• _The input_:
* * * * * * * * *
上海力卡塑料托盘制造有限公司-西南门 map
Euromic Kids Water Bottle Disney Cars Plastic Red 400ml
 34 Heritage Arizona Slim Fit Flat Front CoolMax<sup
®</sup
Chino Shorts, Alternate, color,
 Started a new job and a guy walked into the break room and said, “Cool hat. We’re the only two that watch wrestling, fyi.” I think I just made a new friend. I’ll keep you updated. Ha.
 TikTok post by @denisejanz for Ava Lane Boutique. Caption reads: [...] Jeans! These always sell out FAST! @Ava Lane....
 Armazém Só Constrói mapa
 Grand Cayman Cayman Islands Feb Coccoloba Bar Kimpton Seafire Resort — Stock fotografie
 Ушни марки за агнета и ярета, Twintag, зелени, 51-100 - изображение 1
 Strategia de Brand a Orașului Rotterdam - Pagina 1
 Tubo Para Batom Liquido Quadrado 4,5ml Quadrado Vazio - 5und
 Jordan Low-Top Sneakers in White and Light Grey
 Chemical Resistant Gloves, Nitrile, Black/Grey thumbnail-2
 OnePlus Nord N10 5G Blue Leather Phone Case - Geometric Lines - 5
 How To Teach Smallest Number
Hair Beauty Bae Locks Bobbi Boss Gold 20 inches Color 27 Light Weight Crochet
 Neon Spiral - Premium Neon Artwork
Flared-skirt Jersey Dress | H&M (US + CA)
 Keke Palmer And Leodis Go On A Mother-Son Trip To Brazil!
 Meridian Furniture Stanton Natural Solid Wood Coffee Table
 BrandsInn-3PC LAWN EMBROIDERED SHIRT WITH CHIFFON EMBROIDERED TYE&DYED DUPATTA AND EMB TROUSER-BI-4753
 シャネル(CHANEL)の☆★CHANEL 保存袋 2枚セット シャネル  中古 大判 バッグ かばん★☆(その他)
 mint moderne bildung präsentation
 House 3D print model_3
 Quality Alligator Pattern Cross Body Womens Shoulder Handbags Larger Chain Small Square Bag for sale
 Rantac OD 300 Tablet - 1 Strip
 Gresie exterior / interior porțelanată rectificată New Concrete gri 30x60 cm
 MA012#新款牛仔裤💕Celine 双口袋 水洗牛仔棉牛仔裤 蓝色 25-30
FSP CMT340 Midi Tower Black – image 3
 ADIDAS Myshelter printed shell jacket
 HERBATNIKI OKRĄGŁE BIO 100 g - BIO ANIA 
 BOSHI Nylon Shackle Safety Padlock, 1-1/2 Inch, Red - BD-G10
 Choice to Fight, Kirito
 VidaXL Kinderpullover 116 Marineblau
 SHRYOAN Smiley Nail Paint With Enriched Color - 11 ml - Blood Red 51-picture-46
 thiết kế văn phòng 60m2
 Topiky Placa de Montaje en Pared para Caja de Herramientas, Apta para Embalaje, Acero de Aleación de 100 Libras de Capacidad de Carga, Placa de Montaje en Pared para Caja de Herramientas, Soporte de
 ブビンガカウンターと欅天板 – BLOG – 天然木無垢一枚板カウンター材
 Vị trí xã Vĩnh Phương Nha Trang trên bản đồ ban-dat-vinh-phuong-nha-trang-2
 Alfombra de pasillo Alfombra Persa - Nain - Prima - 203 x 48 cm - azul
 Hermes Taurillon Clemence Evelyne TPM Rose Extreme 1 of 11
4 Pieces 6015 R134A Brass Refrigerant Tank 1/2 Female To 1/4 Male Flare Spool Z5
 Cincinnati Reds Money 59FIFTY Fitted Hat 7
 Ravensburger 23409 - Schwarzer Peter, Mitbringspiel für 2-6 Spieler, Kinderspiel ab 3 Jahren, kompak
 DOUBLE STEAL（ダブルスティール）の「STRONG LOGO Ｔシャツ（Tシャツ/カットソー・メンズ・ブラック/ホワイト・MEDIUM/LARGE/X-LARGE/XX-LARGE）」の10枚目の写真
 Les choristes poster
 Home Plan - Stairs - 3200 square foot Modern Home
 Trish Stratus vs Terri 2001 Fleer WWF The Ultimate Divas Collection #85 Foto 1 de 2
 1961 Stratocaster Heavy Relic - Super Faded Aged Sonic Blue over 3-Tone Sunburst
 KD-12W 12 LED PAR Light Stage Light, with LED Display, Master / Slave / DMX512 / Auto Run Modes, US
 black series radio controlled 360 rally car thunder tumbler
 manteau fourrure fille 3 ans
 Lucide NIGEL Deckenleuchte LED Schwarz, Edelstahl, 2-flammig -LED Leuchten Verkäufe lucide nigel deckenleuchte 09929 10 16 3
* * * * * * * * *
• _Work task_: Give again the closing portion of the entries, from the line with "manteau fourrure fille 3 ans" through the last line. Keep it exact and add nothing.

• _Exercise output_:
 manteau fourrure fille 3 ans
 Lucide NIGEL Deckenleuchte LED Schwarz, Edelstahl, 2-flammig -LED Leuchten Verkäufe lucide nigel deckenleuchte 09929 10 16 3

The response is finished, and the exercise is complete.